# Quiet Vac Pumps



## pa_friendly_guy_here2001 (Nov 2, 2010)

Hello everyone, I have a 86 Ponti Fiero Electric that I bought used from a guy in WVa. The vac pump that runs the power brakes is shot and I need a new one. I know that there are alot of different manufacues and brands of 12 volt vac pumps out there but I am looking for a very quiet pump. All of the ones I have seen on the conversions here in Pa have been fairly noisy. If no one knows of a very quiet pump, then I guess a cheap noisy one would be my 2nd choise. Thanks for any imput you might have for me. Doug


----------



## O'Zeeke (Mar 9, 2008)

pa_friendly_guy_here2001 said:


> Hello everyone, I have a 86 Ponti Fiero Electric that I bought used from a guy in WVa. The vac pump that runs the power brakes is shot and I need a new one. I know that there are alot of different manufacues and brands of 12 volt vac pumps out there but I am looking for a very quiet pump. All of the ones I have seen on the conversions here in Pa have been fairly noisy. If no one knows of a very quiet pump, then I guess a cheap noisy one would be my 2nd choise. Thanks for any imput you might have for me. Doug


Hi pa friendly guy, welcome to the forum. I have a Thomas and it's way loud so you might want to toss that one off your list. Look at rctous's thread here http://www.diyelectriccar.com/forums/showthread.php?t=35419&highlight=rctous where he put the pump inside the vac tank to cut down the db.


----------



## DIYguy (Sep 18, 2008)

MES-DEA.. u can buy it from Metricmind... http://www.metricmind.com/

58 dBA.... purported to be the quietest pump. I have one. I don't know about all the others... but I've heard a lot of complaints. This is a good unit.

Cheers.


----------



## pa_friendly_guy_here2001 (Nov 2, 2010)

O'Zeeke said:


> Hi pa friendly guy, welcome to the forum. I have a Thomas and it's way loud so you might want to toss that one off your list. Look at rctous's thread here http://www.diyelectriccar.com/forums/showthread.php?t=35419&highlight=rctous where he put the pump inside the vac tank to cut down the db.


Thanks for the imput. I really appreciate any replys


----------



## RKM (Jun 9, 2008)

I have been using the pump and reservoir kit that O'Zeeke refers to in his post above. rctous (aka Brian) has put together a nice, economical pump kit. It's been working well for over 9 months. I can't compare the noise level to the MES-DEA pump used by DIYguy. I suspect the MES-DEA is likely quieter and is also likely higher quality. It is also 2-3X the price.

The noise level is not objectionable, though I did add a pseudo muffler to it (foam placed over the exhaust port). I'd use this again. The photo shows the foam on the end of the reservoir. The pump is inside the reservoir.

Rob


----------



## dtbaker (Jan 5, 2008)

I think it is more important where you mount it.
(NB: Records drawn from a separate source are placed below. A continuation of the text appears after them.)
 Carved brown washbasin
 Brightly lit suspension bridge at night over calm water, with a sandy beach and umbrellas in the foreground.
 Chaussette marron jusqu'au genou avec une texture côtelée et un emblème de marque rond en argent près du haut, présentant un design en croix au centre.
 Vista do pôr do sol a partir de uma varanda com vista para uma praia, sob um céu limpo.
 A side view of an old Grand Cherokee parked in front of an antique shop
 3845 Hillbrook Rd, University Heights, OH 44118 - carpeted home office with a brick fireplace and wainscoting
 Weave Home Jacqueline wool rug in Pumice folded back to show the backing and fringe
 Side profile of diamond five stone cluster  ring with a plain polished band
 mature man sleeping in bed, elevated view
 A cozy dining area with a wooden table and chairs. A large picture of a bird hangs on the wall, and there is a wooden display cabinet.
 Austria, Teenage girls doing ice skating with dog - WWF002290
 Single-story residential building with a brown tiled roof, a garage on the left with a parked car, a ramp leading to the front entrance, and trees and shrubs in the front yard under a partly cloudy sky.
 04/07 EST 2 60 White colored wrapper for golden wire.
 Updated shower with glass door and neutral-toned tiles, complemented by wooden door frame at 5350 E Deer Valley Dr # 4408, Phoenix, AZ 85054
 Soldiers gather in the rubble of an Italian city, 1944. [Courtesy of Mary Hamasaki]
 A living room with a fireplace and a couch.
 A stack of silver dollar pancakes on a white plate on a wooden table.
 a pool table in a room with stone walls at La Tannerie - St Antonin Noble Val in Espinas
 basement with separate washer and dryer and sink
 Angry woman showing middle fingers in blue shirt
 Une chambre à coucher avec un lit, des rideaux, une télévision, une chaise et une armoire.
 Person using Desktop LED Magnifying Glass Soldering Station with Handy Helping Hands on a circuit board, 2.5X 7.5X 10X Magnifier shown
If on the firewall or fender, you get almost an amplification like a drumhead. I mounted mine to a bracket on the motor mount.... double isolation, and almost silent from inside.

HOWEVER, I did learn that you need to mount with with feet close to horizontal, or the vibration snaps off the mounting screws pretty quick. My second quick fix after bolts sheared because I had mounted at an angle was to suspend the body of the pump in a 'cradle' made from that pipe fitters metal strip stuff... vibration of pump was totally idolated from car and almost silent from inside.


----------



## PTCruisin (Nov 19, 2009)

I bought a Volvo vac pump from Dimitri here on the forum and it is very quiet. I mounted it to hang vertically from a bracket attached to the firewall with rubber bushings on all the mounting bolts. I only hear it when the car is not moving and the radio is off. Otherwise I don't notice it. I'm not at home right now so I can't give you the model number until I return next week.


----------



## PhantomPholly (Aug 20, 2008)

Most small aircraft have engine-driven vacuum pumps (to spin the attitude gyros). I imagine they are quiet, but since aircraft don't generally have mufflers I can't say for certain.


----------



## tomofreno (Mar 3, 2009)

You might check this thread in this same forum:
http://www.diyelectriccar.com/forums/showthread.php/brake-vacuum-pump-vw-audi-experiencei-45605.html
Would be inexpensive, and I would guess quiet - could query the people on the thread.


----------